◆ **Extracted records**:
::::::::::

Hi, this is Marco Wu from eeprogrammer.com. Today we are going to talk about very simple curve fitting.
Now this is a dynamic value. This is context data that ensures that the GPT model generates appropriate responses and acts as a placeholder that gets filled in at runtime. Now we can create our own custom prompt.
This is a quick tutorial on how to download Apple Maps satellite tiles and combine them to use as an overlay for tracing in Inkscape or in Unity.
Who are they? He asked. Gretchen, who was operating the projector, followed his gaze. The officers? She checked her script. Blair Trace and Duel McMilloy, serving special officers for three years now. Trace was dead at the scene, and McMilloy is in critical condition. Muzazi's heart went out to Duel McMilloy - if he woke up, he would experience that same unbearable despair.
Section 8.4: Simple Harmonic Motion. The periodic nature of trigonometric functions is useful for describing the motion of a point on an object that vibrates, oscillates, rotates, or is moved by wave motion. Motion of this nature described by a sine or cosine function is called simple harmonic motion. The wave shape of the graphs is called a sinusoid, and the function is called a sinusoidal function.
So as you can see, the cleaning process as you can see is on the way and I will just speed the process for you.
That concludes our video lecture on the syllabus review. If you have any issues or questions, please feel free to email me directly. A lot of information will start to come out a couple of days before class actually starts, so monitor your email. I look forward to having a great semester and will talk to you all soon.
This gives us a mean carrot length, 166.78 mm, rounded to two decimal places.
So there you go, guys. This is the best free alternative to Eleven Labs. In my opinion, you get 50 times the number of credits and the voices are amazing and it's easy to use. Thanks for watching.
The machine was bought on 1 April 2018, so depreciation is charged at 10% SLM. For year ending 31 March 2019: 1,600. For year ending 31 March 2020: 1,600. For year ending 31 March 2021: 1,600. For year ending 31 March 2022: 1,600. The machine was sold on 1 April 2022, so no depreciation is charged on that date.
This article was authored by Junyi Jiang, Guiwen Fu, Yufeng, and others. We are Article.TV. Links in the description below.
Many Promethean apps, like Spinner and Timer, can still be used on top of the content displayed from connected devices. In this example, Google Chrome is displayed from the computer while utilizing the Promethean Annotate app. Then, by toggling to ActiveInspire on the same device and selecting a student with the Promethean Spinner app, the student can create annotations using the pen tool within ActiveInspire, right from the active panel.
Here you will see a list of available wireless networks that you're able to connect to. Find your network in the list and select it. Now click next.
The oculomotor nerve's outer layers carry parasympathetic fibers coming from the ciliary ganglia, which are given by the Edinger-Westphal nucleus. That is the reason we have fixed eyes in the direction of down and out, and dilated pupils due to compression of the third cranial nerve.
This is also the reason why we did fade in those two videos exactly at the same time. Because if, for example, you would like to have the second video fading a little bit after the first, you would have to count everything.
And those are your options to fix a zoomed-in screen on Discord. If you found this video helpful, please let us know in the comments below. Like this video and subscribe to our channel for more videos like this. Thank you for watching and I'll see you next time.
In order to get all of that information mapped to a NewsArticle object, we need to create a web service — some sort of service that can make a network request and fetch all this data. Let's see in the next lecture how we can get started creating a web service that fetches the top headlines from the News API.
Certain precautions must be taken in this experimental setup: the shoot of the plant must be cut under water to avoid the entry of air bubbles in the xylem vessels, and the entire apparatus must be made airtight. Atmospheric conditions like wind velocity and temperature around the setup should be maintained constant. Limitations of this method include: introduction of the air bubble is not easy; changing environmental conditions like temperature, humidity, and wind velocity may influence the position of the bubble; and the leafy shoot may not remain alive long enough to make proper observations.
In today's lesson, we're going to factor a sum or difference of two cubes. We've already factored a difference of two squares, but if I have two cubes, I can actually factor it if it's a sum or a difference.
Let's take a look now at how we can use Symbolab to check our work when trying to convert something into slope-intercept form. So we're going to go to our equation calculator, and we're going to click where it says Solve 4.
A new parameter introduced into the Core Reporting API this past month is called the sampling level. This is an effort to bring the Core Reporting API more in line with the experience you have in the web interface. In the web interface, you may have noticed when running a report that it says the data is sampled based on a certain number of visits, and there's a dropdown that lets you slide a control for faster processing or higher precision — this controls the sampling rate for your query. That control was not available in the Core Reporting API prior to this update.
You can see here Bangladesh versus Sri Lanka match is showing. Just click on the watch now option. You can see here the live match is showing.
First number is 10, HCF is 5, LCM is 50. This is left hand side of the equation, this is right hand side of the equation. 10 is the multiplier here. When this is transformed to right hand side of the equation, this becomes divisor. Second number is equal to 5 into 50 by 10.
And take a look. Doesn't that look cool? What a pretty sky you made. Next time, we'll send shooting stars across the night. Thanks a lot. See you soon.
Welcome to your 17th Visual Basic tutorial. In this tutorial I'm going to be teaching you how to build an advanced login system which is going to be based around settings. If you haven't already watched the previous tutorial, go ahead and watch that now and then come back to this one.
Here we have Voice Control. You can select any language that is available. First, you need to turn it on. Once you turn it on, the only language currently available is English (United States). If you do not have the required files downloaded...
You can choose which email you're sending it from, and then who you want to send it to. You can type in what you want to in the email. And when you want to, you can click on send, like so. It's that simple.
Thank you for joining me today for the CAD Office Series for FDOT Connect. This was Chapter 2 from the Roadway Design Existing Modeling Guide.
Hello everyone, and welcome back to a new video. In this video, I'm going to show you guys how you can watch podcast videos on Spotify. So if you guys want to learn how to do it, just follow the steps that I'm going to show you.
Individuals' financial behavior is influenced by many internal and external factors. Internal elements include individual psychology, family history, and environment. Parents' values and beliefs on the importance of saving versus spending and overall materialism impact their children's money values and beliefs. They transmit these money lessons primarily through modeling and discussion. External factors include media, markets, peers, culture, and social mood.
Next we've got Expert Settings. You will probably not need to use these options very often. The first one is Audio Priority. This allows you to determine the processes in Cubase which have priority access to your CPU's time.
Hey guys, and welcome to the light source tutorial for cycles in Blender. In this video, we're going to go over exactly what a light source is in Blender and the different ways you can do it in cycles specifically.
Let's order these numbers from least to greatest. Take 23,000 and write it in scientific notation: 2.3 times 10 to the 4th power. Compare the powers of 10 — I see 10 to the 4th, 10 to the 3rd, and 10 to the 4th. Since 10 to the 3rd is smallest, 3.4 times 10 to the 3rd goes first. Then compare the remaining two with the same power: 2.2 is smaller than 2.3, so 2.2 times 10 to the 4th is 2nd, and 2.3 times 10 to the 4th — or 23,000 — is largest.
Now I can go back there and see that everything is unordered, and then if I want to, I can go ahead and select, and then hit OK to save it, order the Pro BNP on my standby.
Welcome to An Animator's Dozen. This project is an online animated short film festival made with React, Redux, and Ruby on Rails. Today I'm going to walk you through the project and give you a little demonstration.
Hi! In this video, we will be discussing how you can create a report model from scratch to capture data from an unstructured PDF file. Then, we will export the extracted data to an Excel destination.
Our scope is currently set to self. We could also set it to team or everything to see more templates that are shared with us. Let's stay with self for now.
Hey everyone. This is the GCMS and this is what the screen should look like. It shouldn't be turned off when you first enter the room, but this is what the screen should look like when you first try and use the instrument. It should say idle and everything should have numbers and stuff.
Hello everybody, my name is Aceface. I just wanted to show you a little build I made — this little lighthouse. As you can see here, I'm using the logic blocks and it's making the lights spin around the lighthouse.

::::::::::

◆ **Exercise brief**:
Take each line in the listing that has the word "build" and copy it.

◆ **Response**:
Welcome to your 17th Visual Basic tutorial. In this tutorial I'm going to be teaching you how to build an advanced login system which is going to be based around settings. If you haven't already watched the previous tutorial, go ahead and watch that now and then come back to this one.
Hello everybody, my name is Aceface. I just wanted to show you a little build I made — this little lighthouse. As you can see here, I'm using the logic blocks and it's making the lights spin around the lighthouse.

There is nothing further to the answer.